2) Create schema + indexes

Connect with any SQL client and run:

CREATE EXTENSION IF NOT EXISTS vector;

CREATE TABLE IF NOT EXISTS documents (
  id UUID PRIMARY KEY,
  source TEXT NOT NULL,
  title TEXT,
  metadata JSONB NOT NULL DEFAULT '{}'::jsonb,
  created_at TIMESTAMPTZ NOT NULL DEFAULT now()
);

CREATE TABLE IF NOT EXISTS chunks (
  id BIGSERIAL PRIMARY KEY,
  doc_id UUID NOT NULL REFERENCES documents(id) ON DELETE CASCADE,
  chunk_index INT NOT NULL,
  section_path TEXT,
  content TEXT NOT NULL,
  metadata JSONB NOT NULL DEFAULT '{}'::jsonb,
  embedding vector(1536) NOT NULL,
  created_at TIMESTAMPTZ NOT NULL DEFAULT now(),
  tsv tsvector GENERATED ALWAYS AS (to_tsvector('english', content)) STORED
);

CREATE INDEX IF NOT EXISTS chunks_doc_id_idx ON chunks (doc_id);
CREATE INDEX IF NOT EXISTS chunks_metadata_gin_idx ON chunks USING GIN (metadata);
CREATE INDEX IF NOT EXISTS chunks_tsv_gin_idx ON chunks USING GIN (tsv);

-- Fast cosine-distance ANN index (recommended default)
CREATE INDEX IF NOT EXISTS chunks_embedding_hnsw_idx
  ON chunks
  USING hnsw (embedding vector_cosine_ops);

Note

vector(1536) matches many embedding models. If you change embedding models, update this dimension.

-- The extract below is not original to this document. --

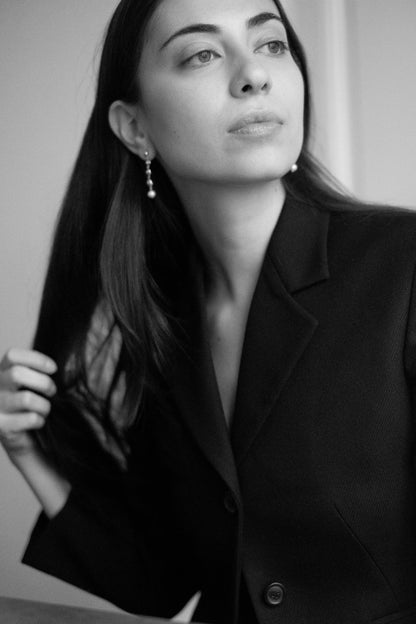 Egg Earrings w/Pearl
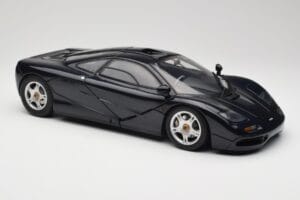 McLaren F1 Dark Blue Metallic Minichamps 1:12 530133128 Diecast - image 7 of 9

3) Prepare documents to ingest

Create a folder (anywhere) with .txt / .md files, for example:

mkdir -p ./documents
echo "# Account\n\nTo reset your password, click 'Forgot password' on the login page." > ./documents/account.md
echo "Pricing:\nEnterprise supports SSO.\nTeam does not." > ./documents/pricing.txt

Want PDFs or webpages? - PDFs: Parsing PDF Documents - Web pages: Parsing Webpages


4) Ingest: chunk + embed + store

This script: - reads files from ./documents - splits into structure-aware, token-sized chunks - embeds each chunk - inserts into Postgres

from __future__ import annotations

import json
import os
import re
import uuid
from pathlib import Path

import psycopg
import tiktoken
from openai import OpenAI


EMBED_MODEL = "text-embedding-3-small"
ENCODING_NAME = "o200k_base"

client = OpenAI()

HEADING_RE = re.compile(r"^(#{1,6})\\s+(.*)\\s*$")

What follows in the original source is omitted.